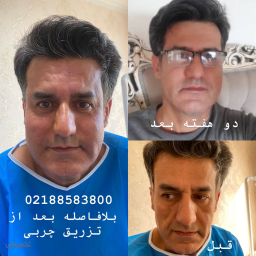 تزریق چربی به کل صورت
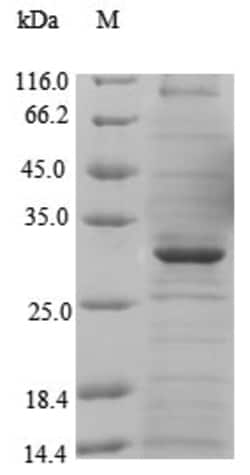 enQuireBio Recombinant Human MFSD8 Protein 10 &mu;g | Buy Online | enQuireBio&trade; | Fisher Scientific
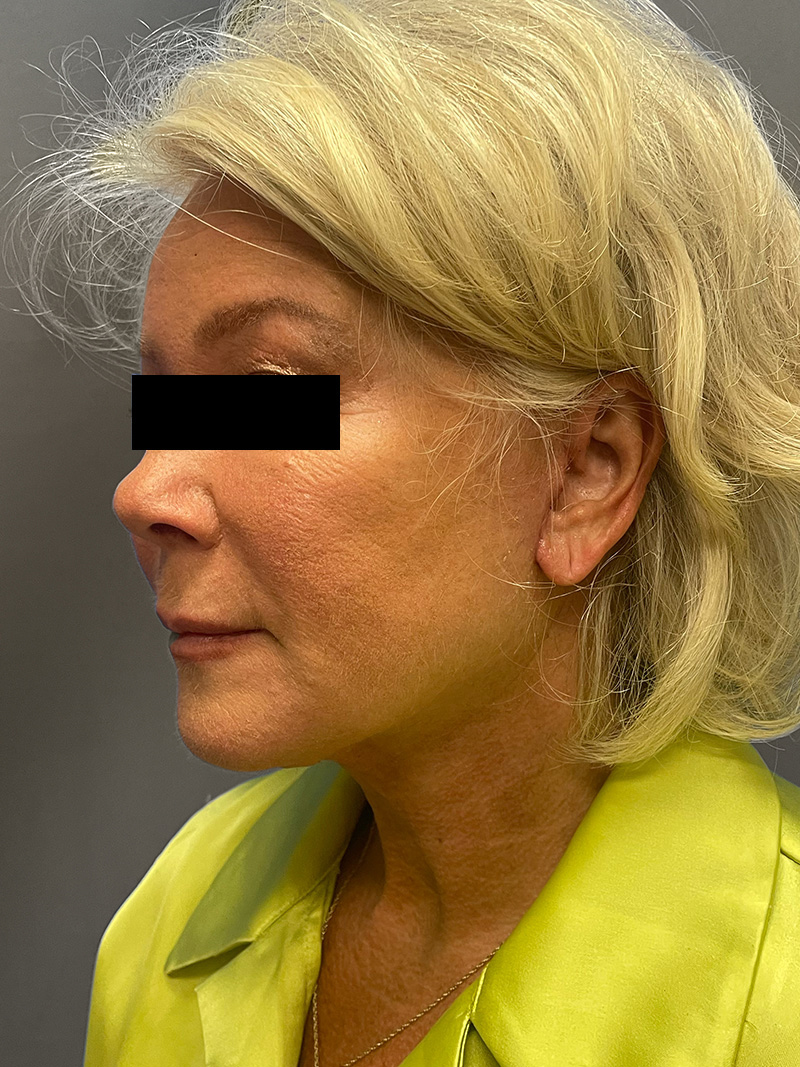 FAT GRAFTING Before & After Gallery - Patient 265704 - Image 8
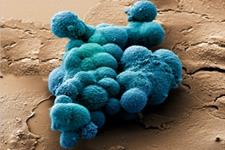 فقدان اکسیژن در سلول های سرطانی منجر به رشد و متاستازمی شود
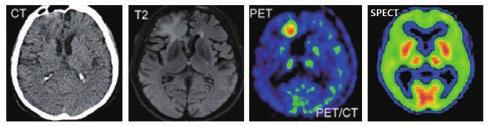 resonance image, MRI) 등이있다 (< 그림 2>). 뇌영상의기본적인정보는조직영상 (histology image) 과같은예외적인경우를제외하고는일반적으로 수있으며, 중간단계를사용하여다중비교문제도줄일수있다 [4]. 복셀 (voxel) 기반으로저장되어있다.
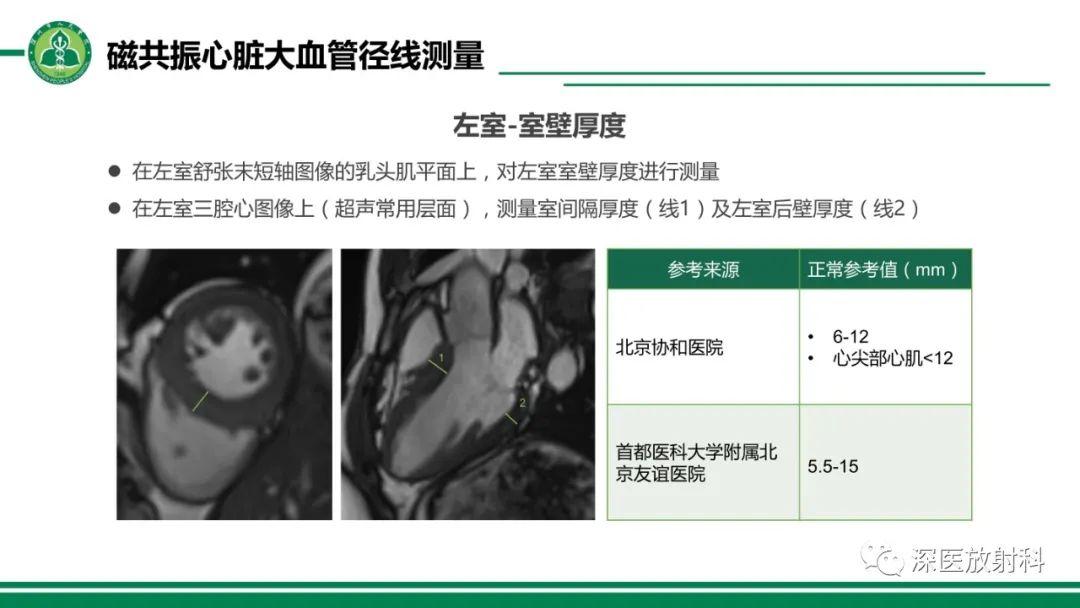 影像PPT - 【PPT】心脏磁共振成像-28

※

Nothing but the lines from the one holding "فقدان اکسیژن در" through the final line of the records above belongs in the answer, each retyped exactly; omit the pictures.

ANSWER SPACE =>
 فقدان اکسیژن در سلول های سرطانی منجر به رشد و متاستازمی شود
 resonance image, MRI) 등이있다 (< 그림 2>). 뇌영상의기본적인정보는조직영상 (histology image) 과같은예외적인경우를제외하고는일반적으로 수있으며, 중간단계를사용하여다중비교문제도줄일수있다 [4]. 복셀 (voxel) 기반으로저장되어있다.
 影像PPT - 【PPT】心脏磁共振成像-28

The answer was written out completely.